現存する日本最古の民家は、兵庫県にある箱木家住宅らしい。室町時代に建てられ、その後改築をしながらダム建設で移設される1977年まで(400年以上?)住宅として使われたようだ。
そんな稀有な例は別として、住宅の寿命は50〜60年くらいだろうか。名建築と言われながらも、取り壊されてしまう住宅はたくさんある(住宅に限った話ではないが)。

黒川紀章が設計したメタボリズム建築の代表作、中銀カプセルタワービルも2022年に取壊しが予定されている。
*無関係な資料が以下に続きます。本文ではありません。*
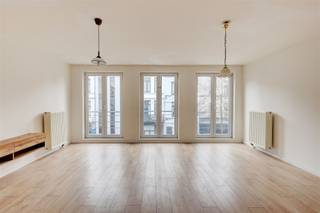 <p><span>Op wandelafstand van het prachtige </span><span>'t Zuid in Antwerpen </span><span>staat dit </span><span>leuke appartement</span><span> te huur in de Montignystraat. De Montignystraat is een zijstraat van de Amerikalei. Het appartement is zeer centraal gelegen met winkels, horecagelegenheden, openbaar vervoer en scholen in de directe omgeving. Er is ook een ideale verbinding naar de Antwerpse Ring en de nabij gelegen autosnelwegen. </span></p><p><span> </span></p><p><span>Het appartement heeft een bruikbare oppervlakte van zo'n 76m². Het appartement is voorzien van </span><span>twee ruime slaapkamers </span><span>waarvan eentje toegang geeft tot een </span><span>gezellig terras</span><span>. Het appartement is meteen </span><span>instapklaar. </span></p><p><span> </span></p><p><span>Indeling</span></p><p><span>- inkomhal</span></p><p><span>- woonkamer en eetkamer</span></p><p><span>- open geïnstalleerde keuken (vaatwasmachine, kookvuur, dampkap, wasbak)</span></p><p><span>- slaapkamer 1 (12,5m²)</span></p><p><span>- slaapkamer 2 (11m²)</span></p><p><span>- badkamer met douche, lavabo en aansluiting voor de wasmachine<br />- apart toilet</span></p><p><span>- terras (5m²) met west oriëntatie</span></p><p><span> </span></p><p><span>Bijzonderheden</span><span><br />- gemeenschappelijke kostenprovisie: €95 inclusief voorschot water</span></p><p><span>- beschikbaar vanaf 1 mei 2026</span></p><p><span> </span></p><p><span>Ben jij geïnteresseerd in dit appartement te huur in centrum Antwerpen, ben je op zoek naar ander vastgoed, een investering of wens je de waarde van jouw eigendom te kennen? Dan ben je bij BOLT immo aan het juiste adres! Wij helpen jou graag verder.</span><span> </span></p>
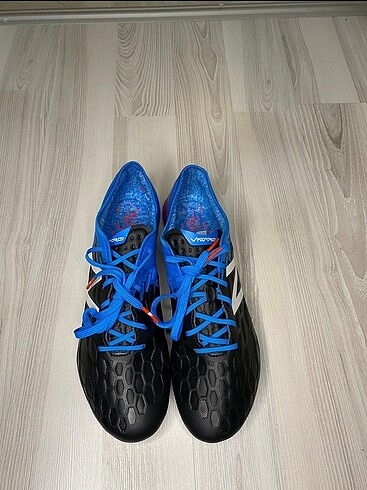 NEW BALANCE KRAMPON ( SUNİ ÇİM)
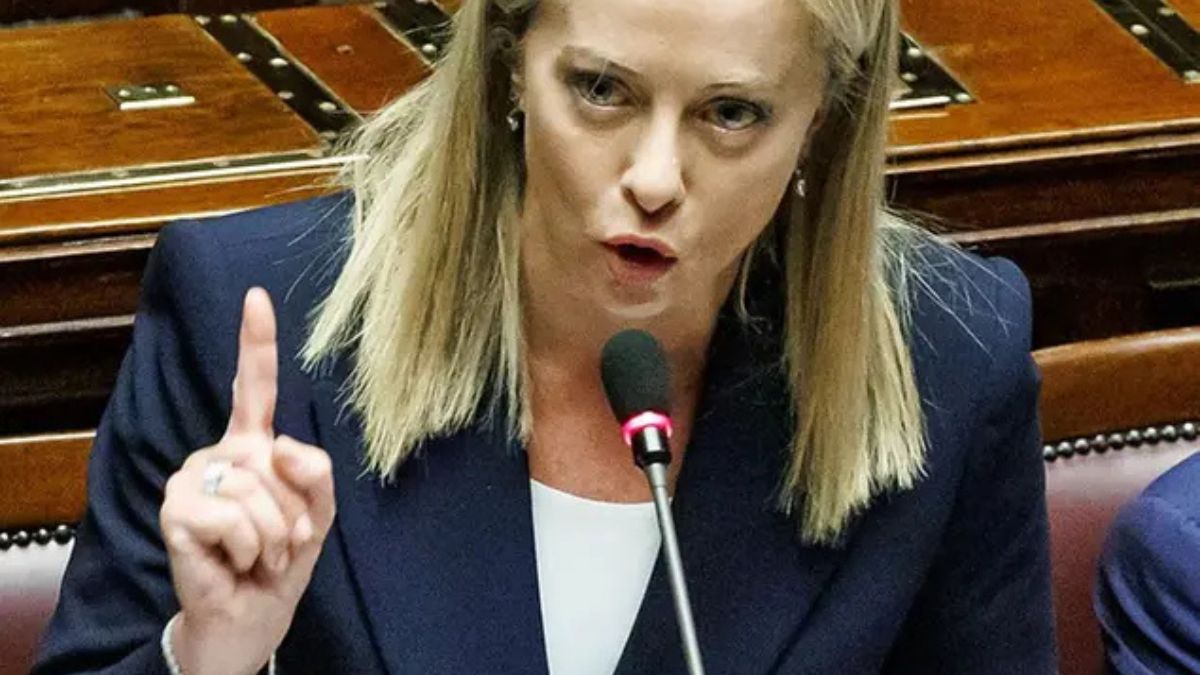 uno schiaffo allo stato esplode la rabbia di fratelli d8217italia accuse feroci e polemiche da Thesocialpost.it uno schiaffo allo stato esplode la rabbia di fratelli d8217italia accuse feroci e polemiche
新橋駅からもほど近い銀座にある丸窓の付いた白い箱がいくつも積み上げられた建物だ。
内部見学会なども開催されているらしいが、解体されるという話もあってか、予約枠も埋まっているようだ。

でも一度内観も見てみたい。
そう思い立って降り立ったのは京浜東北線北浦和駅。

まずは腹ごしらえと思い、さいたまのソウルフードであるスタミナラーメン、スタカレーを提供する娘々に向かう。しかし、15人ほどの行列。コロナ終息は嬉しいことだが、混雑や行列が復活するは残念でならない。入店を諦めて、気になっていた豚骨ラーメン屋へ。久留米の風を感じる濃厚な一杯で結果正解だった。
そのラーメン屋さんからもほど近い北浦和公園には埼玉県立近代美術館がある。
エントランスを囲う格子状の構造物が特徴的なこちらの建物は、黒川紀章設計。



そんな縁もあってか公園内には、中銀カプセルタワービルのモデルハウスとして活用されていたカプセルが放置もとい屋外展示されている。

残念ながら鍵がかかっているので窓とドアから覗き込むことしかできないが、必要最低限の機能がギュッと詰まった空間は、今見ても斬新で未来的だ。


しかし、広場にポツンと1つだけカプセルが置かれている光景は寂しいし、強烈に惹かれるモノもない。いくつものカプセルが積み上げられたあの集合体としてビルが魅了なのだと感じた。

なんとかして解体前に、ホンモノに訪問したいな。